As the decorative waterfall takes up an entire side of the dining room, the rest of the establishment is accented with yellow-green bamboo shoots. A crisp, white table cloth covers each table that is then topped with a vivid red flower as a centerpiece. Although the décor might seem eclectic on their own, together they combine to create an atmosphere that is just as the name of the restaurant suggests: calm and soothing. Our server visits our table and introduces himself as Jesse. After taking down our drink orders, he asks if we’re willing to leave the meal up to the chef’s discretion. We agree enthusiastically; everything on the menu looks so tempting that we wouldn’t make a decision. Stealing a peak at the lunch menu, we realize that it’s very similar to the dinner menu. However, it also includes a section featuring burgers and sandwiches like the Crab ABLT and the Jerk Chicken Sandwich.
The first delectable dish Jesse brings out is our amuse bouche, a bite-sized Salmon Beignet topped with Remoulade. As I place this treat in my mouth, I take note that although it’s called a beignet, it’s very different from the traditional French pastry. Not only is it heavier than a normal beignet, it’s also savory instead of sweet.

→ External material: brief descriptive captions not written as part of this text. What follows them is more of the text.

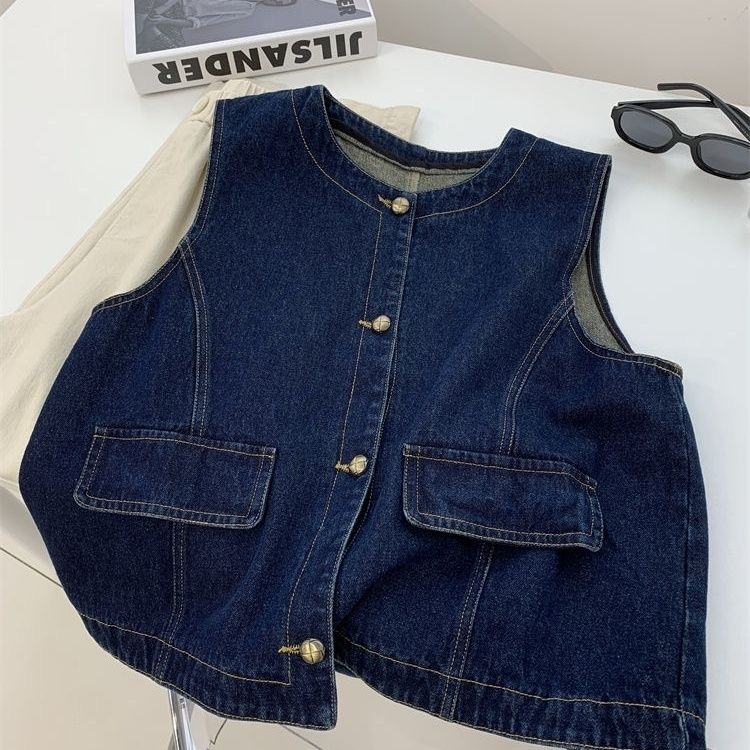 Gilet en jean delave bleu fonce
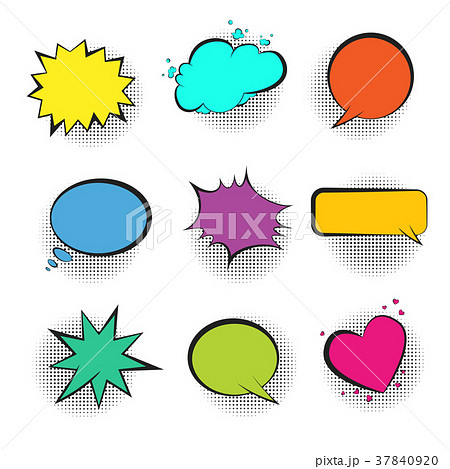 Big set of color retro comic speech bubbles 37840920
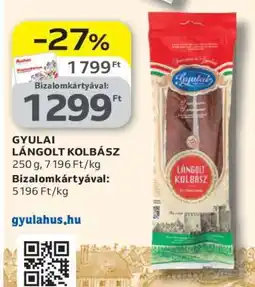 Auchan Gyulai lángolt kolbász ajánlat
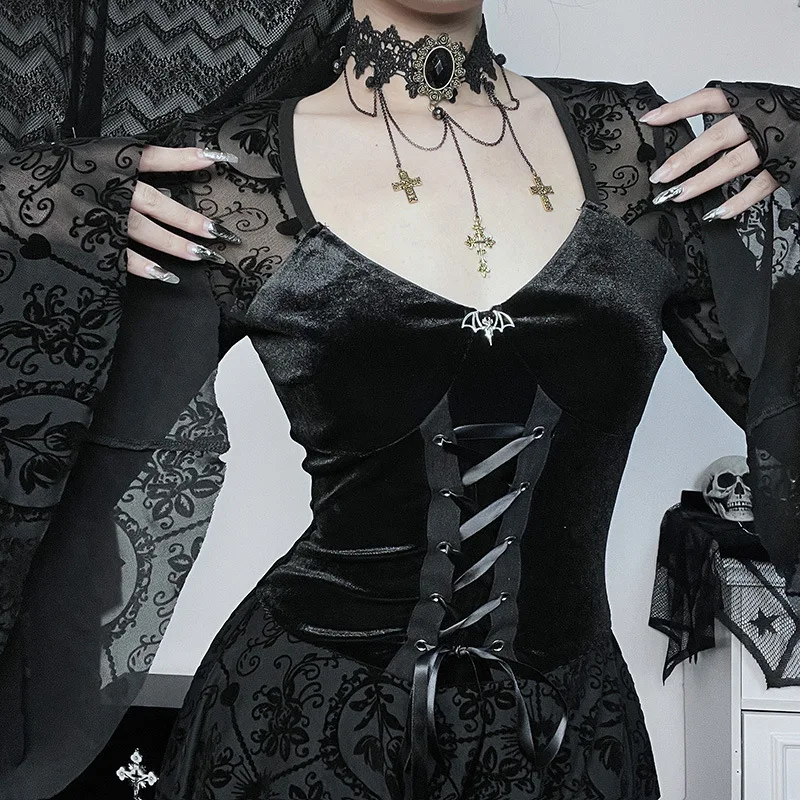 Goth Dark Elegant Vintage Mall Gothic Velvet Dresses Grunge Punk Style Flocked Bandage Dress Women Flare Sleeve Party Alt Outfit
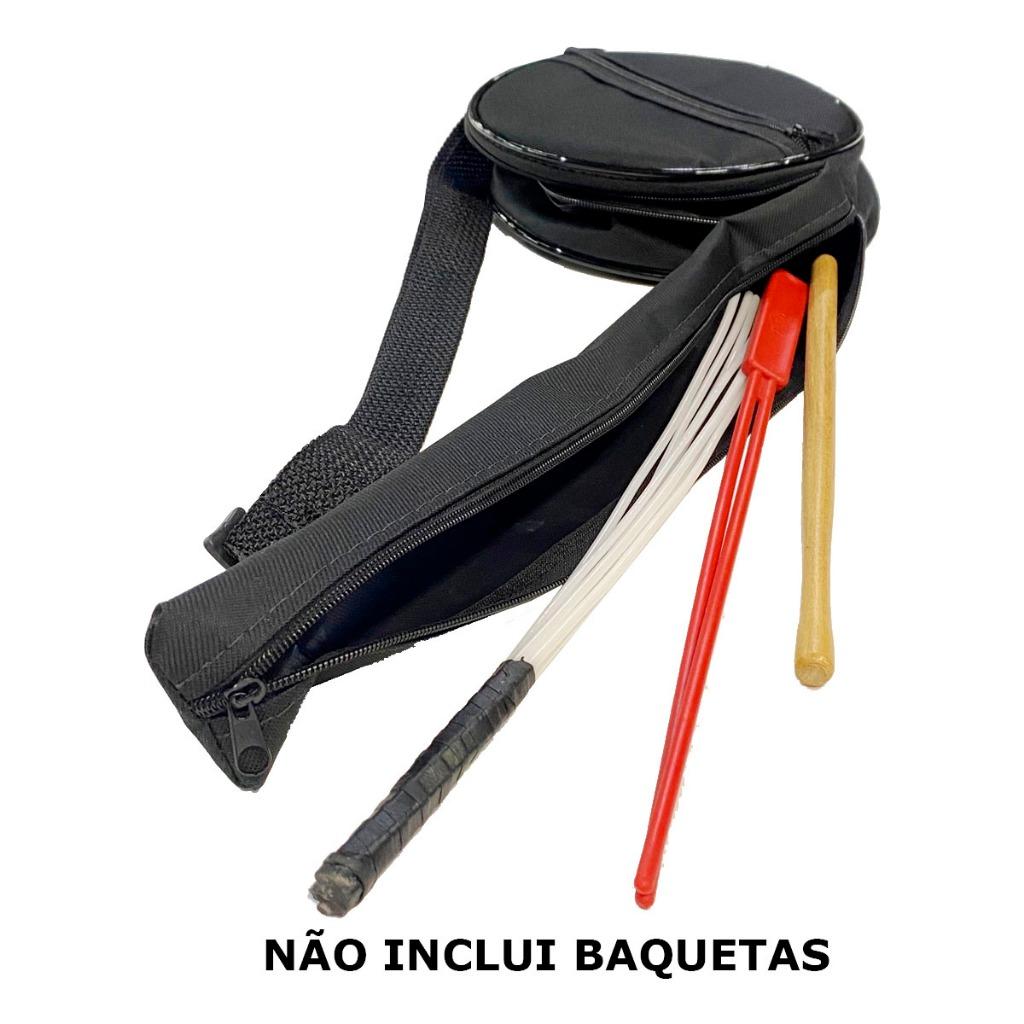 Capa Luxo Tamborim 6 Pol Alça De Ombro Bolso Para Baqueta - Unidade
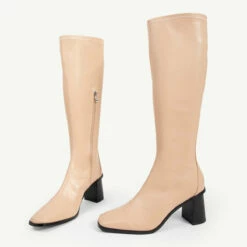 RAID Lennyo Block Heeled Boot In Nude -Raid London Sales Store lennyo nude 3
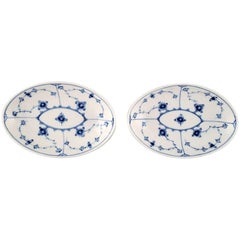 Bing & Grondahl, B&G Blue Fluted, Two Oval Platters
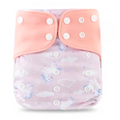 Pocket Cloth Nappy AWJ Grey Mesh - Pinkish Unicorns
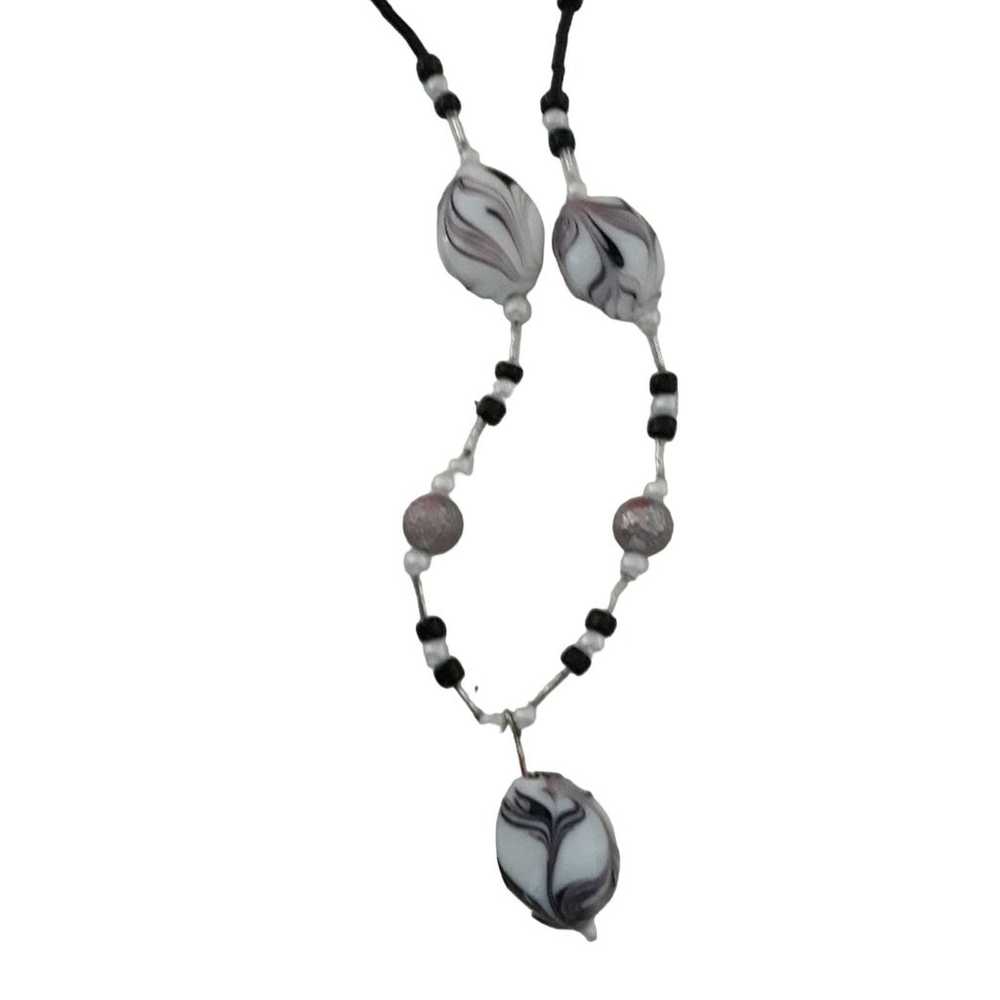 Vintage Beaded Necklace Black White 20" - image 2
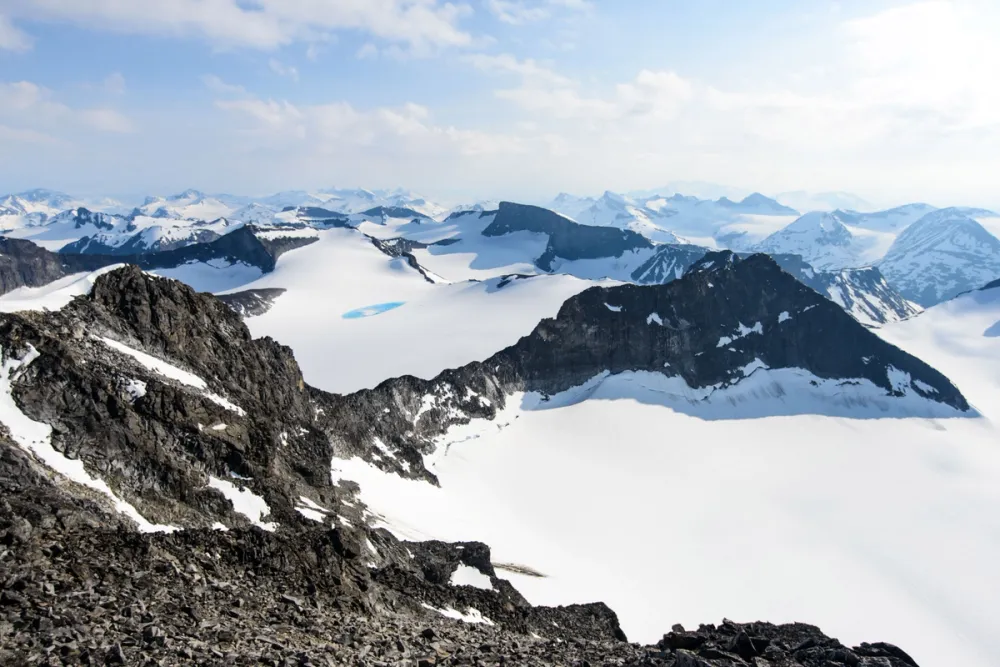 Winter view from Galdhopiggen mountain in Jotunheimen (Home of the Giants)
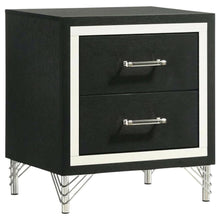 Black Nightstand with Modern Design and Silver Accents for Bedroom Use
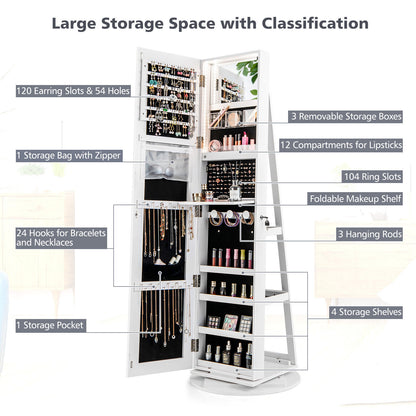 360° Rotating Jewelry Armoire with LED Mirror and Lockable Storage – White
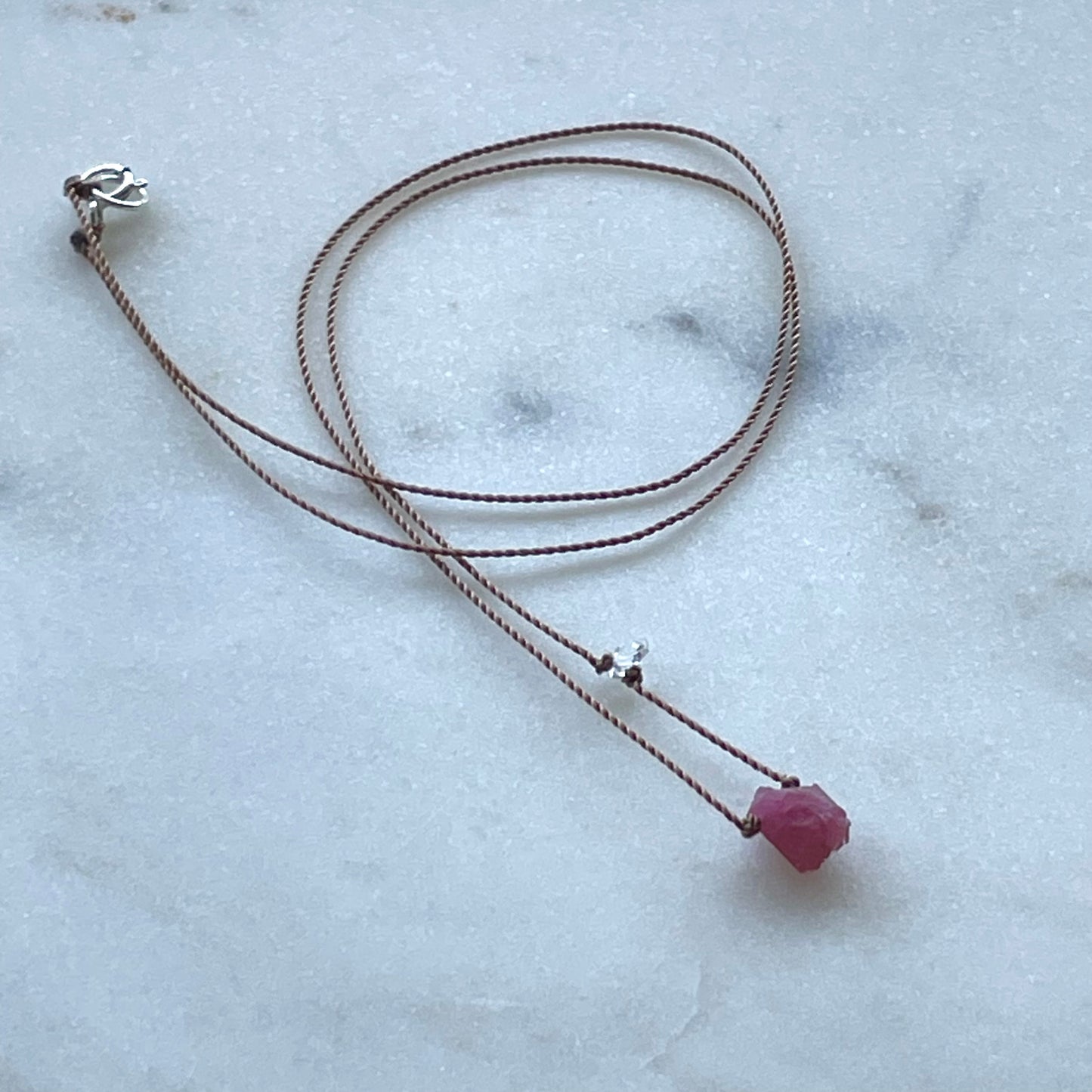 Raw Pink Tourmaline with Herkimer Diamond Necklace- Protection and Healing Intention Necklace, October Birthstone Necklace, Rough Gemstone Neckalce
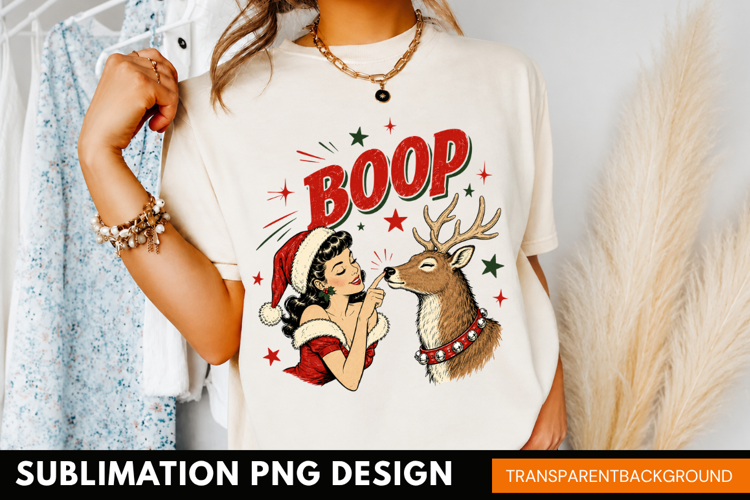 boop santa PNG, vintage santa booping reindeer shirt design,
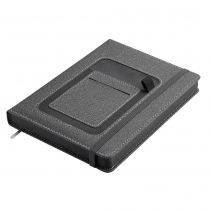 Щоденник недатований COMBI, A5, сірий, штуч.шкіра/поролон, 336 стор Buromax BM.20500-09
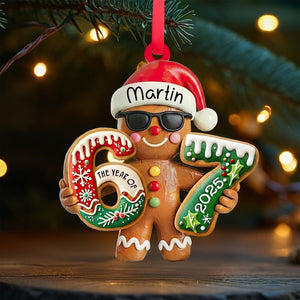 67 Christmas Ornament, Personalized Gingerbread 67 Ornament, Six Seven Ornament, Teacher Student Gift, Gen Alpha Humor, Funny Ornament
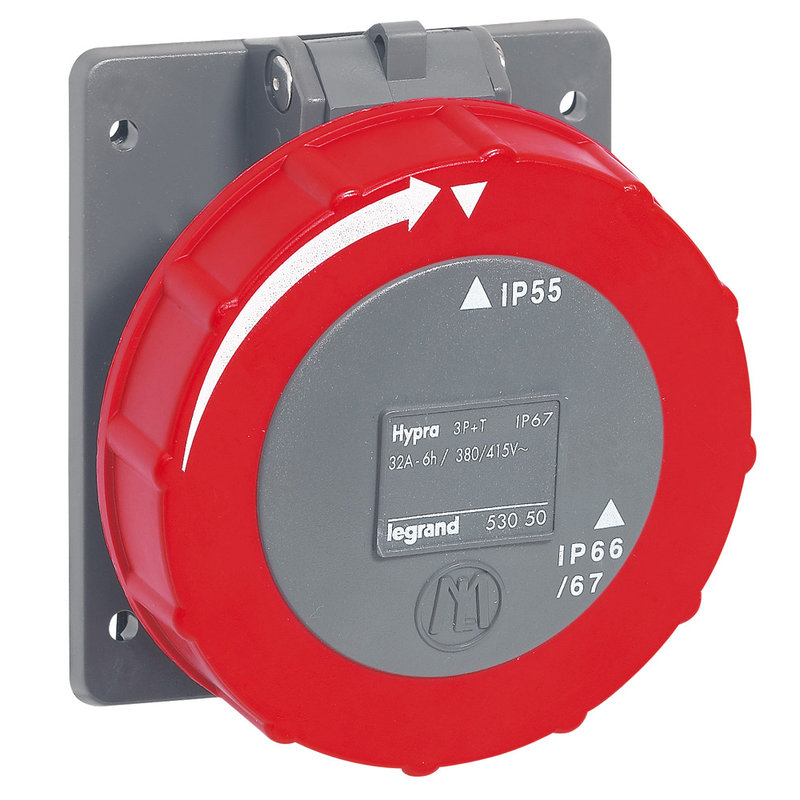 Legrand 053050 - Prise à entraxes unifiés Hypra 3P+T IP66/67-55 - 380V~ à 415V~ - plastique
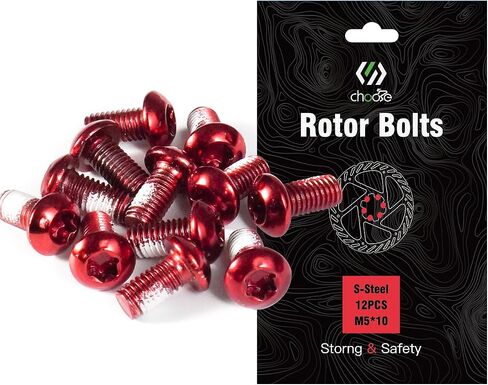 CNC 12 قطعة دراجة قرص الفرامل البراغي MTB الدوار البراغي 6-Bolt M5x10mm الفرامل البراغي الدراجة الجبلية، الأحمر in Kuwait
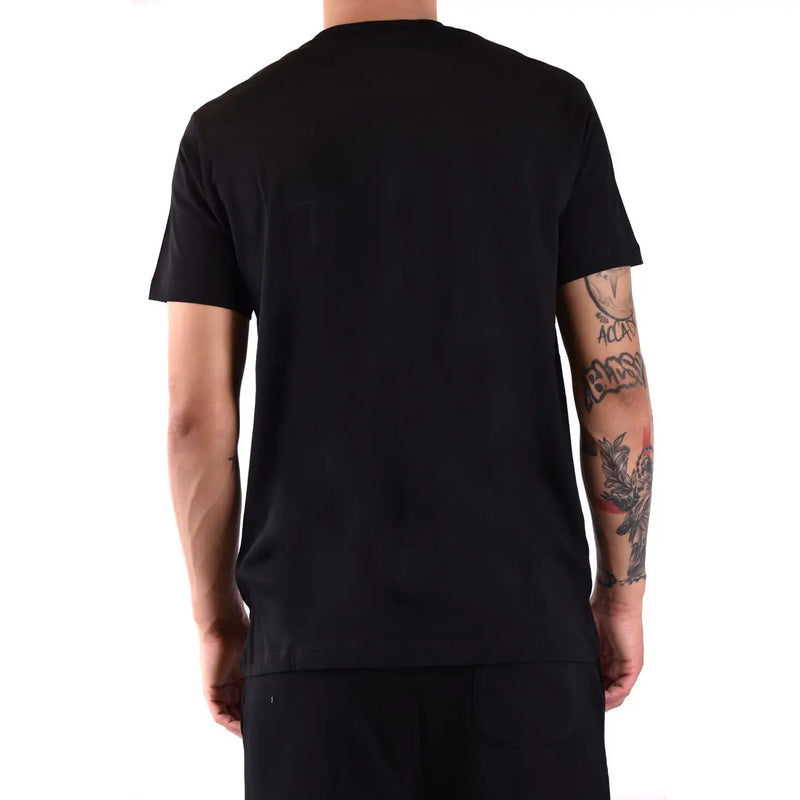 Black short-sleeved crew neck t-shirt by Karl Lagerfeld made of cotton for men casual wear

The meaty center is filled with salmon, and the flavor of the fish is prominent throughout the remoulade sauce. If this small taste is any indication of the meal to come, my guest and I are in for a treat.
As we wait, Jesse graciously offers to answer our questions about Serenity. The first one that we have is about the unique bar and the many beverages available. With its Signature Craft Cocktails, varied wine list, and special section entitled “Serenitini’s,” the restaurant has all its bases covered. Jesse informs us that the success of the bar can be accredited to the mixologist, Oscar Olivares Takahashi. Trained in a special school in L.A., Takahashi learned all there’s to know about mixing specialty concoctions. Jesse even tells us that his skill is so advanced that customers sometimes come specifically to watch him mix. With this information, it’s only fitting that we try one of the Signature Craft Cocktails first. While looking at the list, tempting imbibes like the Season of Serenity and the Flying Dragon jump out at us, but we decide to go with the Thai Pedi-Cab: Maker’s Mark bourbon, Domain de Canon ginger liqueur, fresh peach puree, Thai basil, lemon and angostura bitters. I take my first sip–amazing. While we enjoy, Jesse informs us that all of the cocktails are made with fresh ingredients, and the bartender strains them in order to maintain the pure liquid consistency.
Then, Jesse brings out two appetizers: the Lump Crab Cake with Mango Chutney and Passion Fruit Sauce and the Caramel Pork Belly with Cucumber and Chili Bamboo Shoot Relish. In spite of my eagerness to dig in, I admire the presentation of both dishes. While the mango chutney and passion fruit sauce are laid out in a decorative pattern on the plate, it’s clear that they’re not meant solely as garnishes, but also to be enjoyed with the crab cake. The crab cake is purely crab meat, no fillers. However, butter, tarragon, and bell pepper are added for a zest of flavor. The added mango and passion fruit complement the savory crab, which creates playful medley on guest’s palates.
I take a look at my next victim: the Caramel Pork Belly. The meat itself is a beautiful golden brown color topped with sesame seeds. The chili bamboo shoots and cucumber are mixed into a relish sauce at the center of the formation. The entire dish is topped with what Jesse tells us is “micro-cilantro”. The pork pulls apart easily, and I’m soon chewing a piece of the caramelized meat. With my next bite, I decide to try the relish, and it’s clear why these two are served together. The flavors, both sweet and savory, complement each other, and I devour this rather generously-portioned appetizer in just a few moments.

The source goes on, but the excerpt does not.